## WORK TASK:
In the records below, find the line with "Lampada Notturna Proiettore", then retype it and every following line exactly, stopping after the line with "Luxury Resin Swan". Leave the pictures out.

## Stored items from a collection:
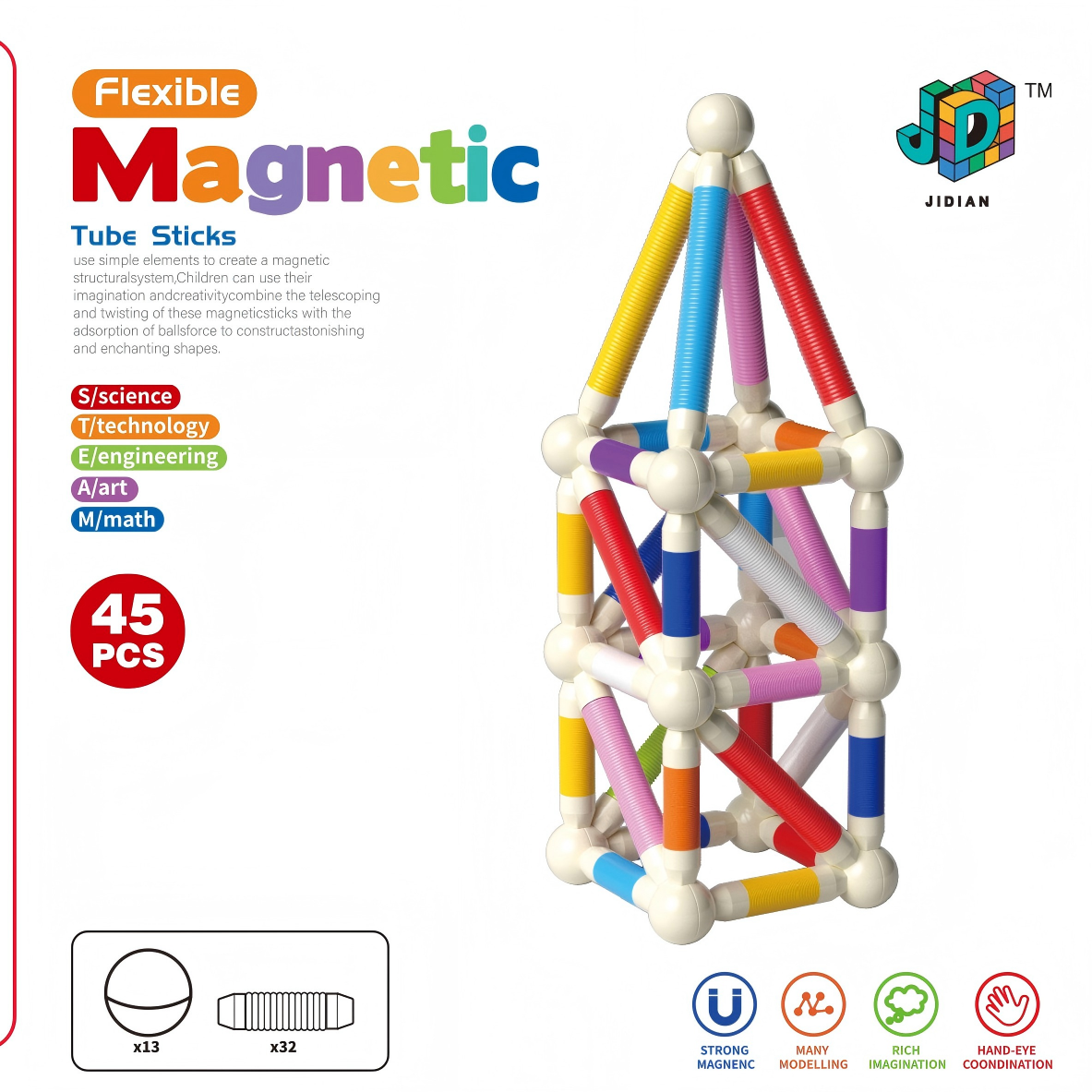45PCS Flexible Construction Tube Sticks  details Picture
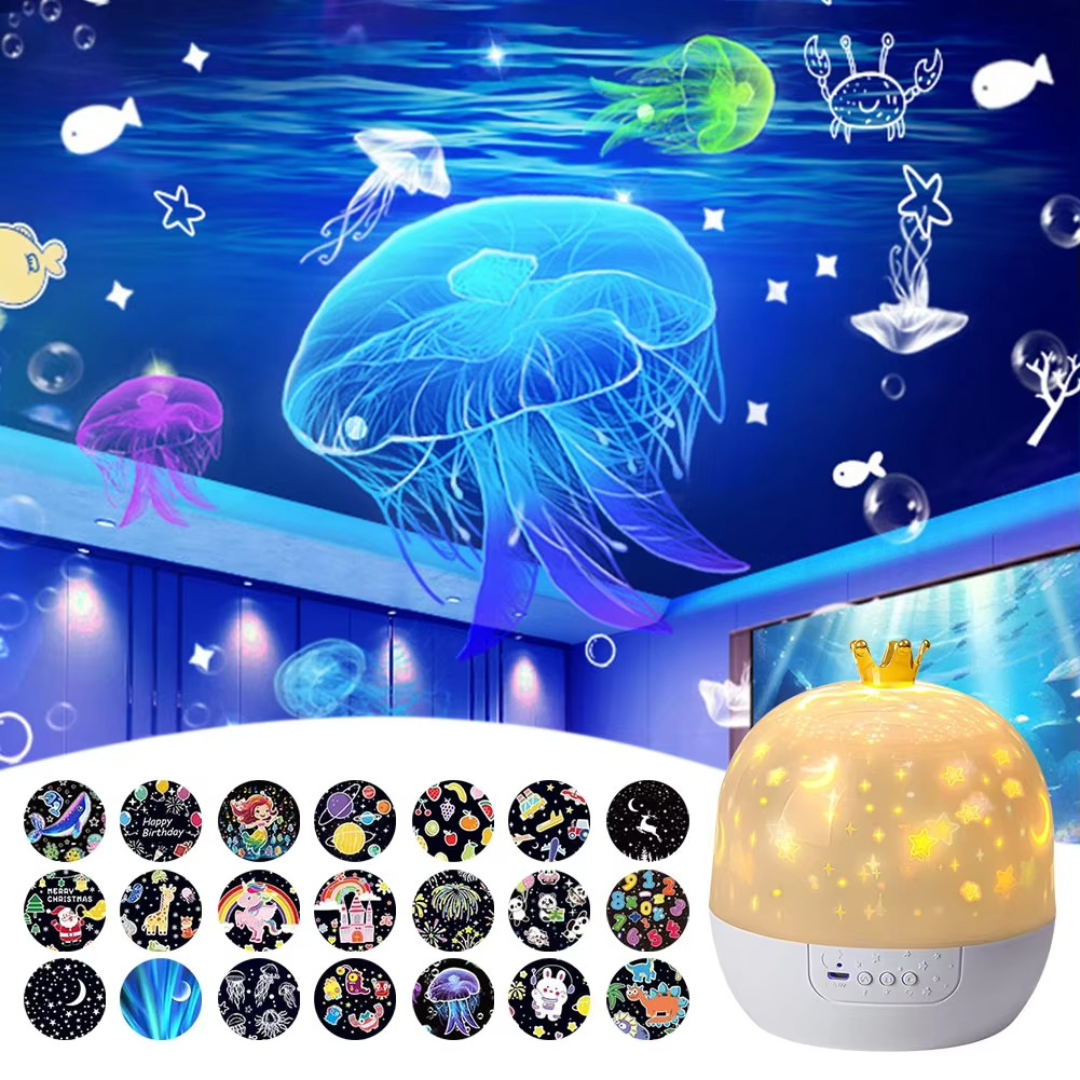 Lampada Notturna Proiettore Bambini Luce Cielo Stellato Funzione Proiezione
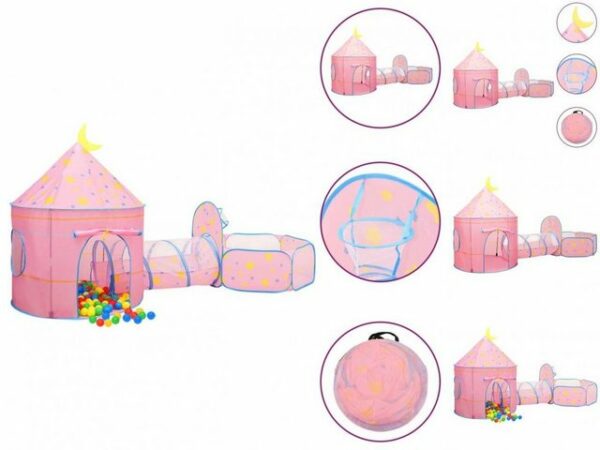 vidaXL Spielzelt Spielzelt für Kinder Rosa 301x120x128 cm Bällebad Tunnelzelt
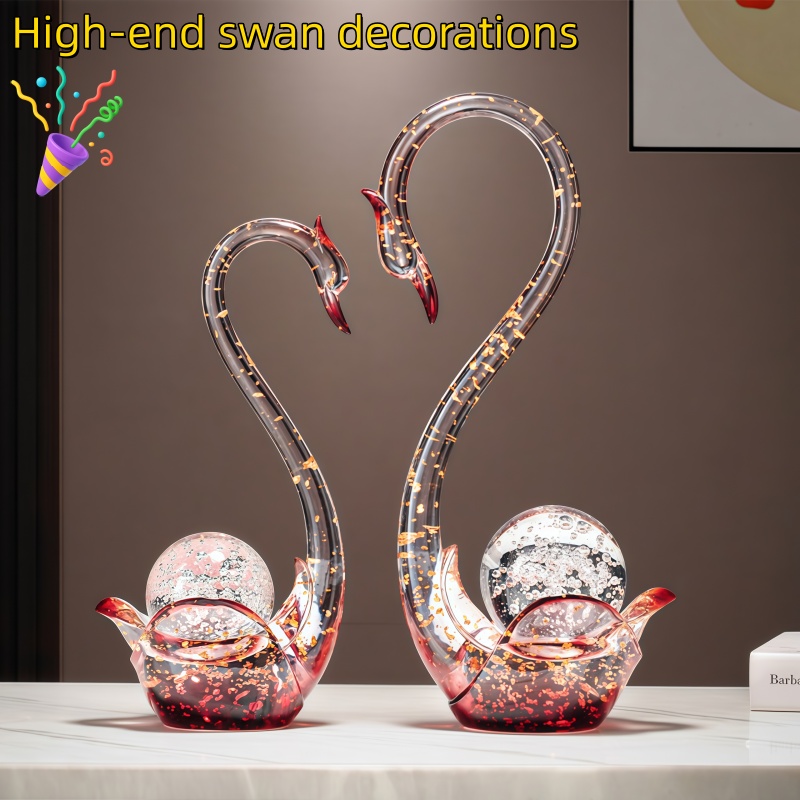 Luxury Resin Swan Figurine Cou - Resin Art Wedding Gift ulasan dan harga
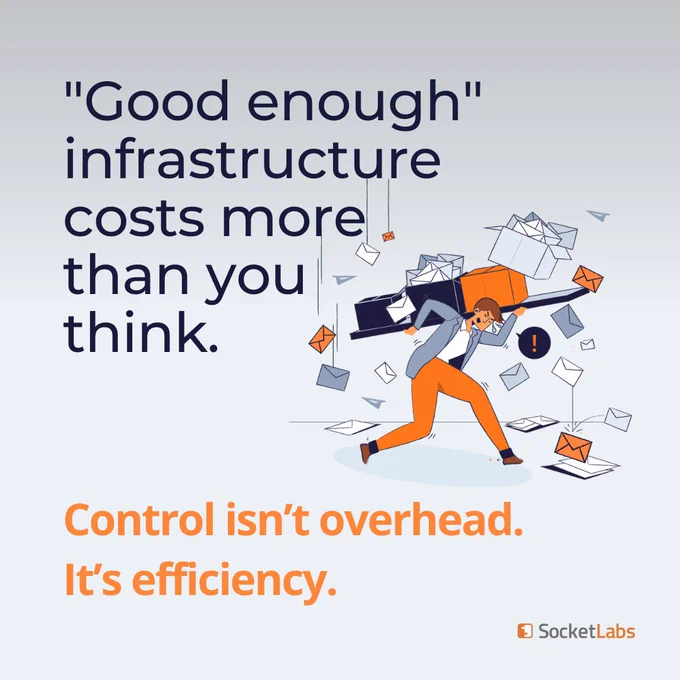 Illustration of an overwhelmed person carrying a heavy load of envelopes as more mail falls around them. Text reads: “Good enough infrastructure costs more than you think. Control isn’t overhead. It’s efficiency.”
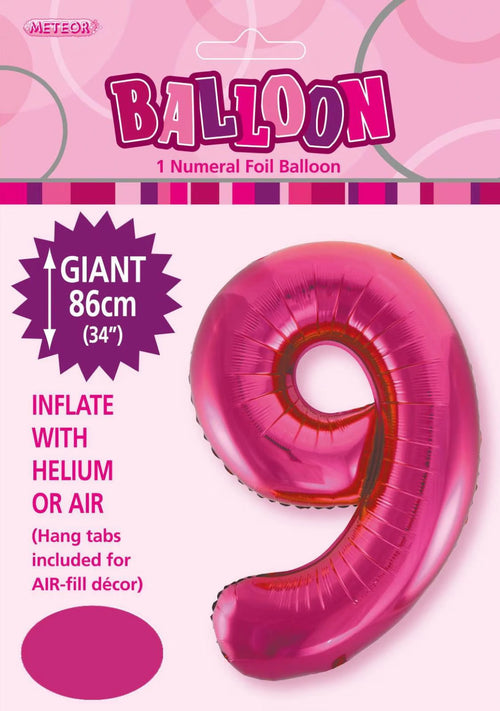 Hot pink colour; Number 9 shape; Foil material; Packaging shows 86cm (34 inch) size; Hang tabs visible on packaging;
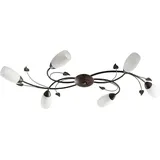 LINDBY Deckenleuchte Stefania, 6-flg., schwarz/gold, 68cm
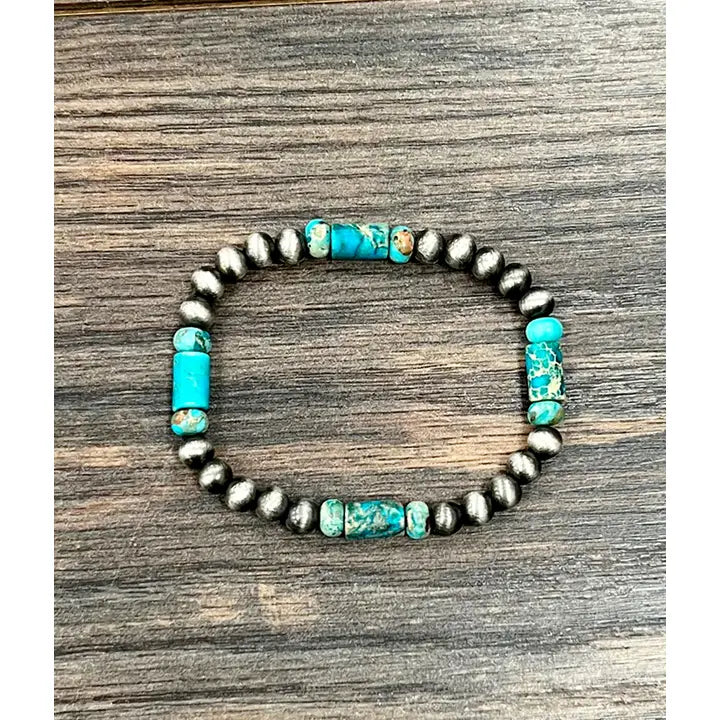 Handmade Stone and Navajo Inspired Pearl Stretch Bracelet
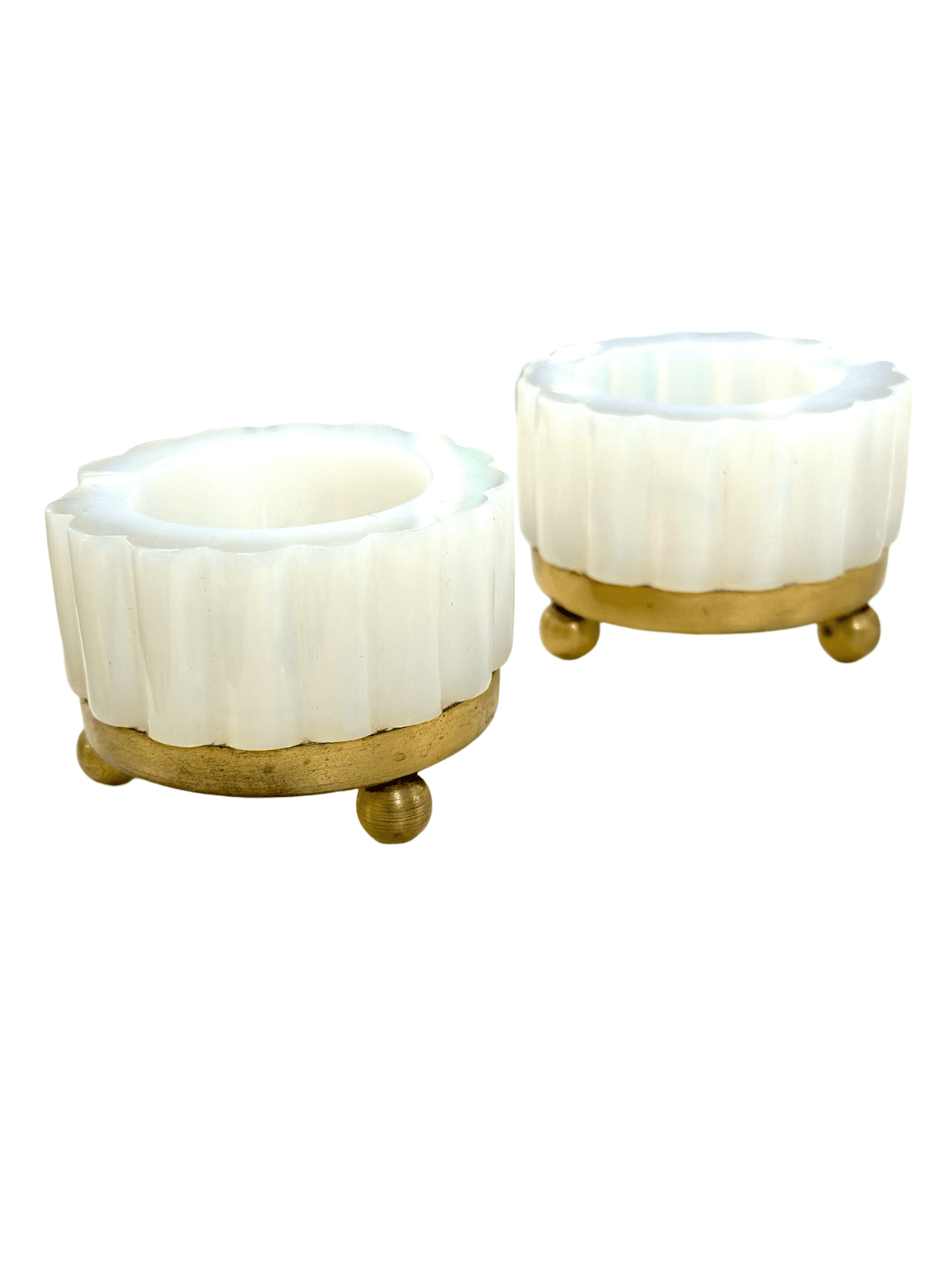 White Fluted Opaline Ashtray w/ Brass Feet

## RESPONSE AREA:
 Lampada Notturna Proiettore Bambini Luce Cielo Stellato Funzione Proiezione
 vidaXL Spielzelt Spielzelt für Kinder Rosa 301x120x128 cm Bällebad Tunnelzelt
 Luxury Resin Swan Figurine Cou - Resin Art Wedding Gift ulasan dan harga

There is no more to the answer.